• What you should do:
Copy out each line of the data that contains "Before".

• Data provided:
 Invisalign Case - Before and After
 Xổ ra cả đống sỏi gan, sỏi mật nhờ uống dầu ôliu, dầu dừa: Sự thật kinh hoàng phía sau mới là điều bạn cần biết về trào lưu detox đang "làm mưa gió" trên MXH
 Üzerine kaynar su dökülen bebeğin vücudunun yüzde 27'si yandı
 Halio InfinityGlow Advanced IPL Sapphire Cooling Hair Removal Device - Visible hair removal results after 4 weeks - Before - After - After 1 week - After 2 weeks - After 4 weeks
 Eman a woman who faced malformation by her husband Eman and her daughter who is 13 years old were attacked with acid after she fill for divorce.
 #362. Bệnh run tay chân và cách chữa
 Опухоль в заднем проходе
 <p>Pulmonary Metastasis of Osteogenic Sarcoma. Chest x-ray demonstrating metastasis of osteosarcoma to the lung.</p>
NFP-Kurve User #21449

• Answer space:
 Invisalign Case - Before and After
 Halio InfinityGlow Advanced IPL Sapphire Cooling Hair Removal Device - Visible hair removal results after 4 weeks - Before - After - After 1 week - After 2 weeks - After 4 weeks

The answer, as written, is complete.